D-FW came in at No. 9 in the nation. The January vacancy rate was at 8.91%, rents were down 2.17% year-over-year, and units stayed vacant 43 days on average. Officials in Dallas proper brought up the vacancy rate during a recent briefing on the city’s housing needs, with some questioning whether residents are still facing a housing shortage.
Housing advocates and staff argued Dallas is underbuilt when it comes to multifamily units for lower-income residents, putting the number at around 46,000. Significant population growth, rising living costs from inflation, and a surge in mostly market-rate development has purportedly left many renters cost-burdened across the city.
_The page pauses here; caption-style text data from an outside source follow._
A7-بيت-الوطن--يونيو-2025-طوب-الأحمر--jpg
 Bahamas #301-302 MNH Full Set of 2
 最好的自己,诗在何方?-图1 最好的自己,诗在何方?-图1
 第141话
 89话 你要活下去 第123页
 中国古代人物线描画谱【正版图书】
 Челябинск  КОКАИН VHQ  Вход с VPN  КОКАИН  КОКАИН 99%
Some council members, however, have questioned whether proposed policy solutions (supporting more mixed-income and affordable unit production and expanding assistance programs) are really the answer, especially when some neighborhoods have higher vacancy rates than others and properties with naturally-occurring affordability.
As for the other big Texas metros, Austin landed the top spot at No. 1, clocking a vacancy rate of 9.67% and a year-over-year rent decrease of 6.26%, with units taking just over 50 days on average to lease. San Antonio’s metro came in at No. 4 with a vacancy rate of 9.55%, a rent decrease of 4.98%, and 44.5 days on market. Houston placed No. 13, logging an 8.81% vacancy rate, a 1.88% dip in rents, and 40.3 days on market.
“Texas is the biggest story in the national renter leverage conversation — not because one metro is struggling, but because the shift is happening across every major market in the state simultaneously,” said Jake Stoddard, owner of Reliable Cash Home Buyers. “When all four of your metros are posting falling rents and above-average vacancy, that’s a structural correction, and renters across the state should be negotiating accordingly.”